[What is expected]
The entries are to be given back verbatim; no picture is to be copied.
* * *
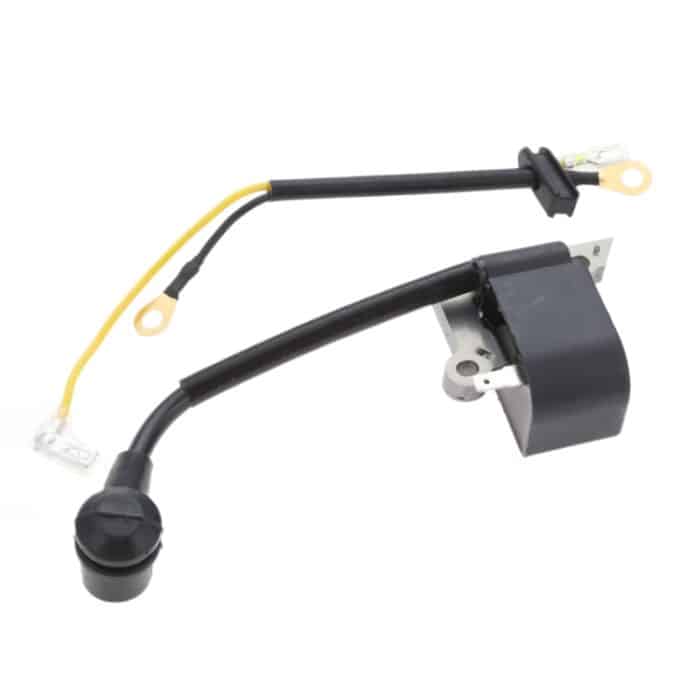 Kettensägen-Hochdruckzündspule für Husqvarna HUS136 137 141 235 240 26 36 41 – Bild 2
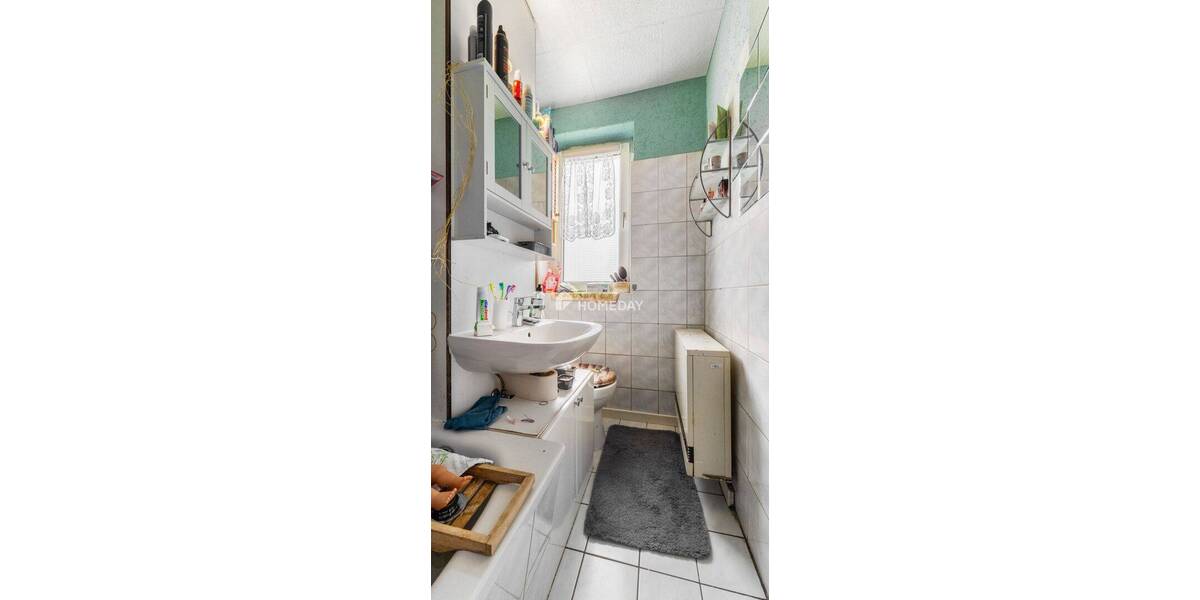 Etagenwohnung Dorf Mecklenburg - 3 Zimmer, 64 m&sup2;, 72.500&euro; | Angebot:26917339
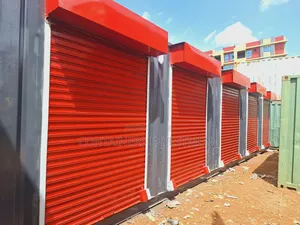 Container Shops for Sale- Location Utawala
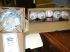 Nolan Ryan 27 Years Lmtd Edition Collector Baseballs  + Nolan Ryan Collector Plate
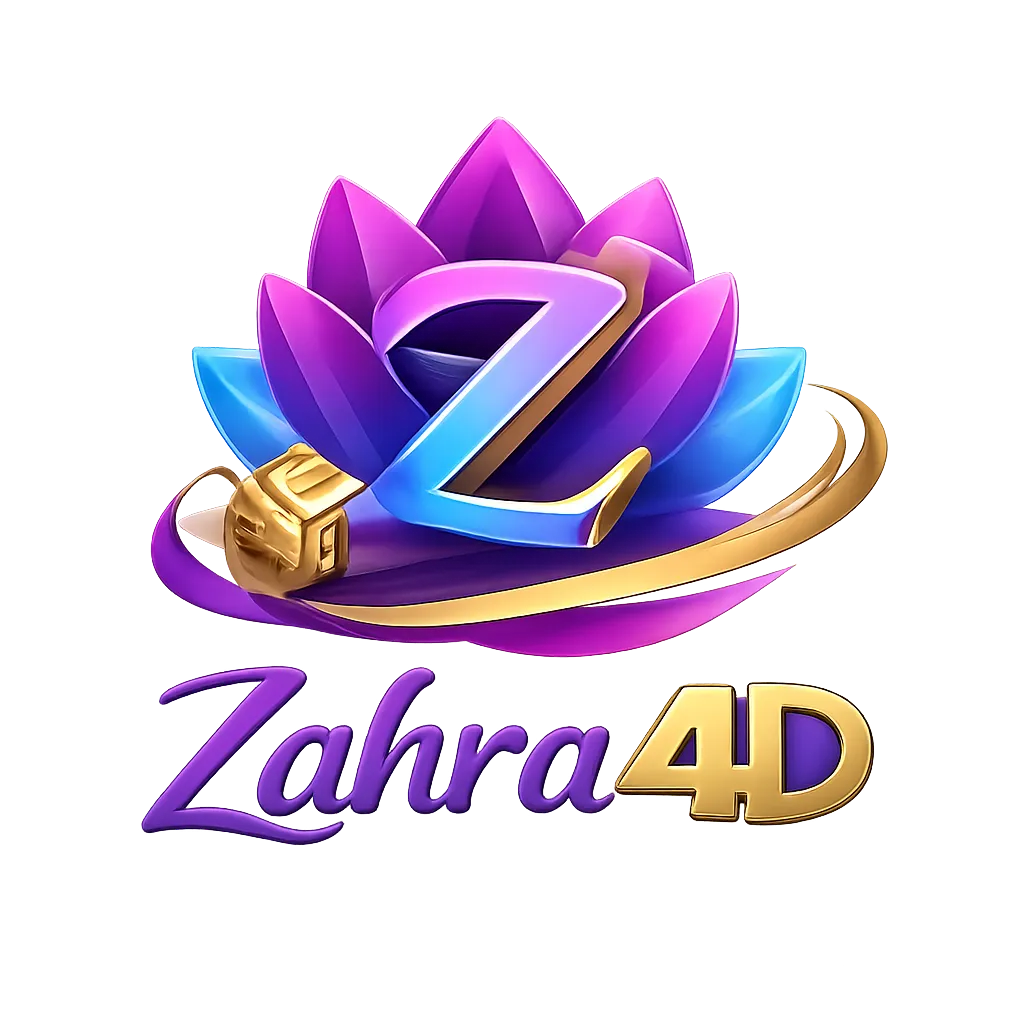 ZAHRA4D - Permainan Kasino Terbaik dalam Genggaman Anda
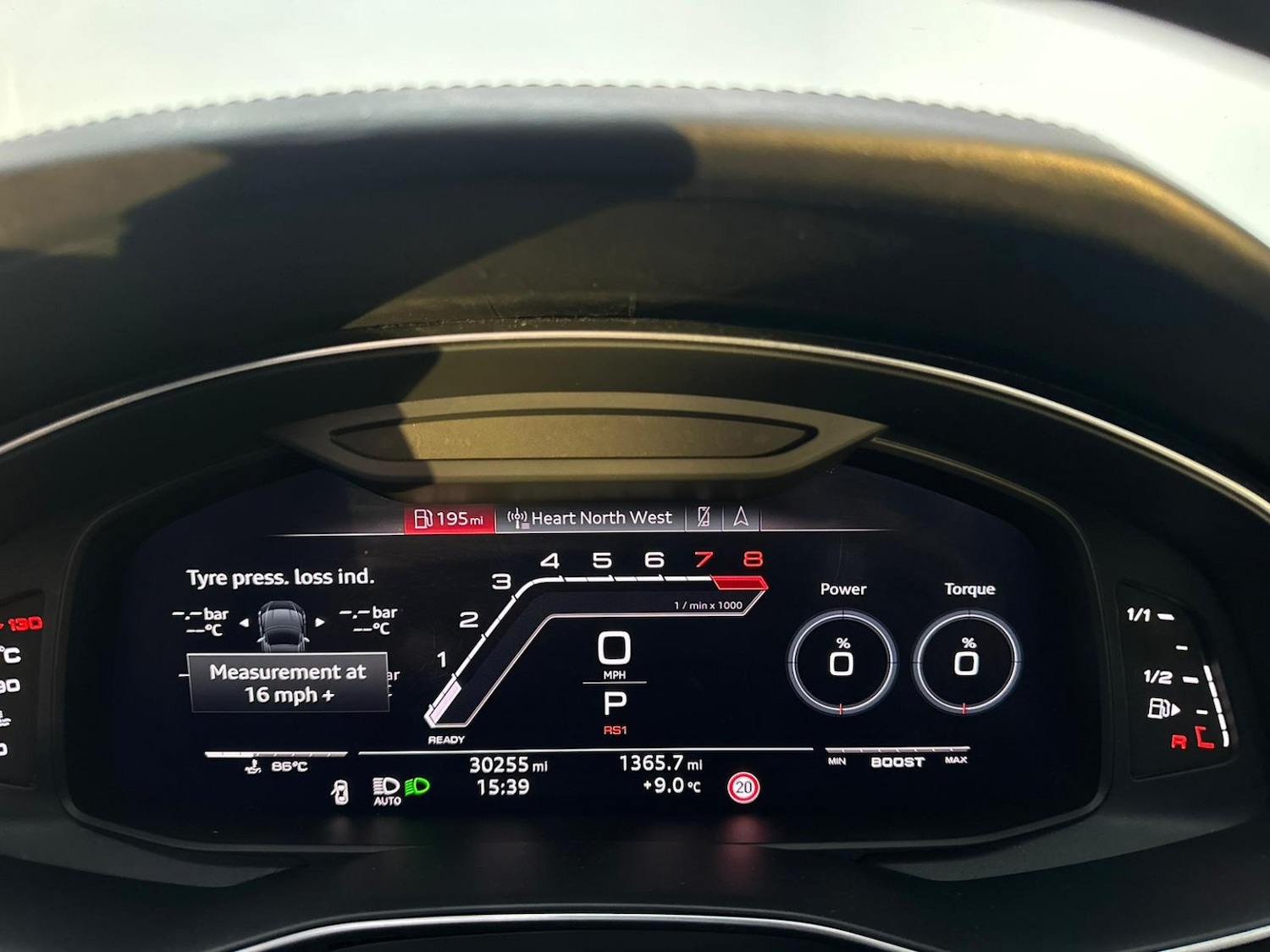 Used Audi RS7 2020 for sale - 77189352: Photo 36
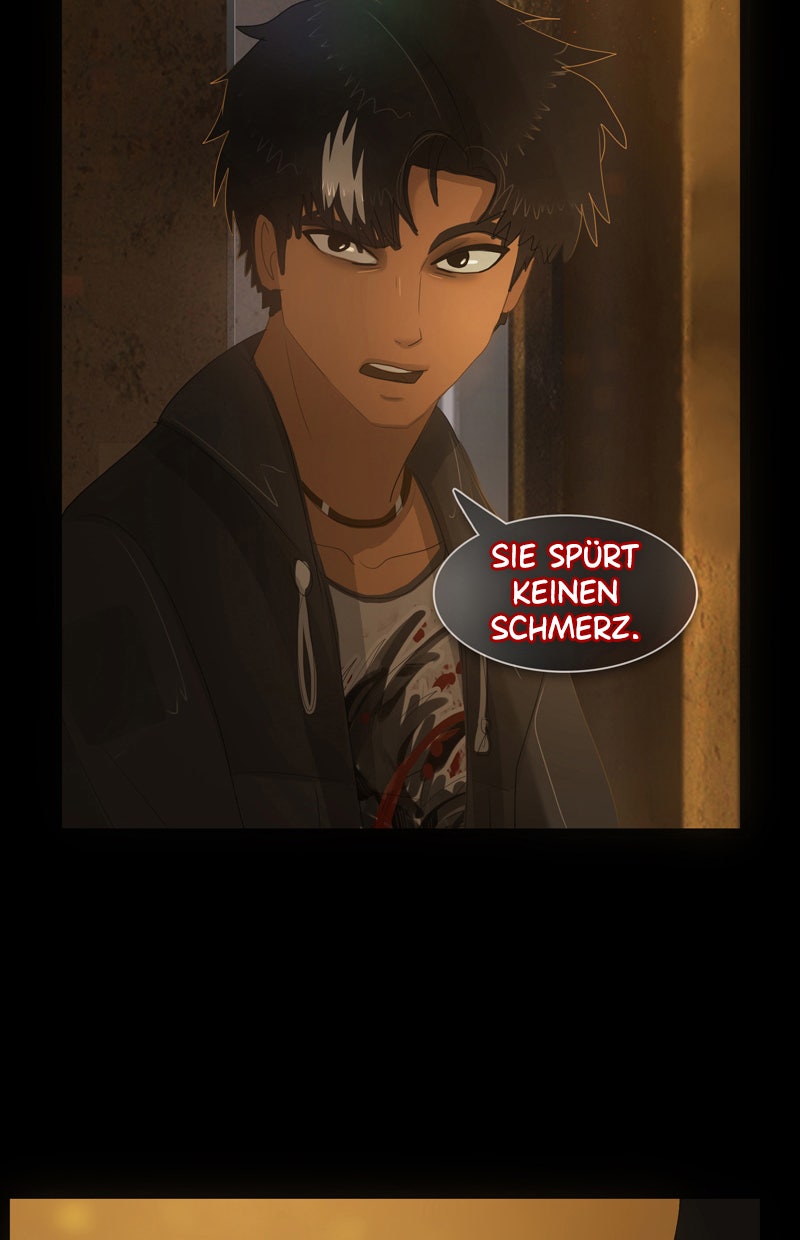 Read Not Even Bones Manga Online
* * *
[Answer]
 Kettensägen-Hochdruckzündspule für Husqvarna HUS136 137 141 235 240 26 36 41 – Bild 2
 Etagenwohnung Dorf Mecklenburg - 3 Zimmer, 64 m&sup2;, 72.500&euro; | Angebot:26917339
 Container Shops for Sale- Location Utawala
 Nolan Ryan 27 Years Lmtd Edition Collector Baseballs  + Nolan Ryan Collector Plate
 ZAHRA4D - Permainan Kasino Terbaik dalam Genggaman Anda
 Used Audi RS7 2020 for sale - 77189352: Photo 36
 Read Not Even Bones Manga Online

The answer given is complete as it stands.